Le journaliste a été arrêté, le jeudi 29 octobre 2015, par des inspecteurs judiciaires du Parquet de Grande Instance de Kinshasa/Gombe au moment où il venait de répondre à une convocation concernant l’article paru dans son journal le 7 janvier intitulé : « Il saigne à SEP Congo : 36 millions de dollars évaporés ». Détenu dans le cachot du parquet, Mambo Zampe a été transféré à la prison centrale de Makala le vendredi 30 octobre 2015.

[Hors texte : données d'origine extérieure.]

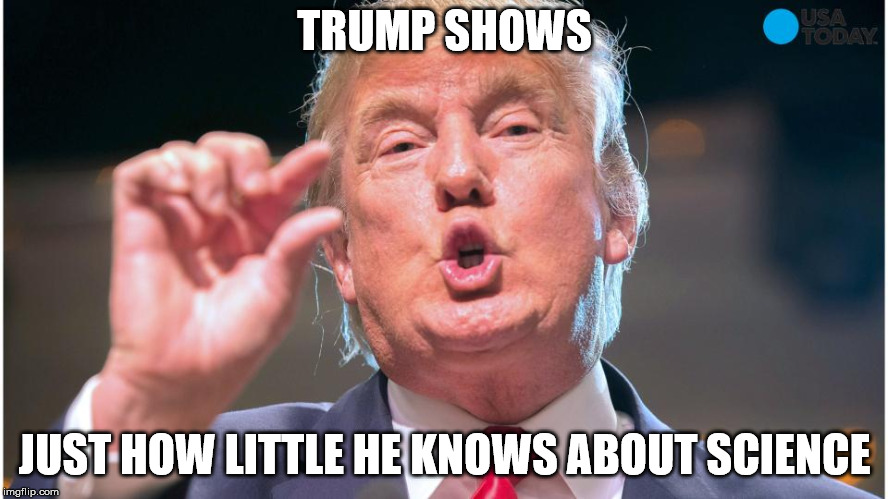 Donald Trump small brain | TRUMP SHOWS; JUST HOW LITTLE HE KNOWS ABOUT SCIENCE | image tagged in donald trump small brain | made w/ Imgflip meme maker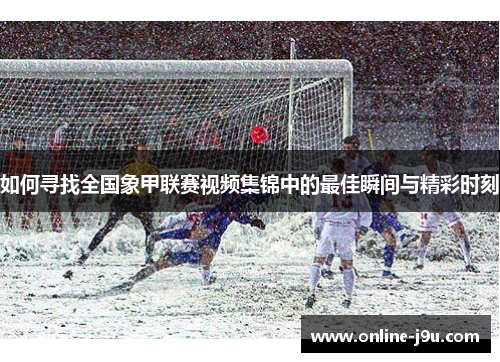 如何寻找全国象甲联赛视频集锦中的最佳瞬间与精彩时刻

5. Détenu illégalement pendant 20 jours dans le cachot des services des renseignements militaires d’Uvira, dans la province du Sud-Kivu (Est de la RDC) où il était en mission de service, le journaliste Burundais de la Radio Publique Africaine (RPA), Egide Mwemero, a été transféré le dimanche 1er novembre 2015 à Bukavu, chef-lieu de la Province du Sud-Kivu, avant son acheminement, le mardi 3 novembre 2015 à Kinshasa où il est gardé dans un endroit secret.
Egide Mwemero a été arrêté, mardi 13 octobre 2015, alors qu’il travaillait avec deux journalistes congolais à la station de la Radio Le Messager du Peuple dans la cité d’Uvira. Les services des renseignements militaires « secteur opérationnel Sokola 2 » l’accuse de complicité avec «un réseau qui déstabiliserait Bujumbura, la capitale burundaise».
Journaliste en danger (JED) demande instamment aux autorités congolaises en charge de la justice, et de la sécurité, de lancer un appel urgent d’apaisement, et d’ordonner la libération de tous les journalistes détenus, et des médias fermés arbitrairement.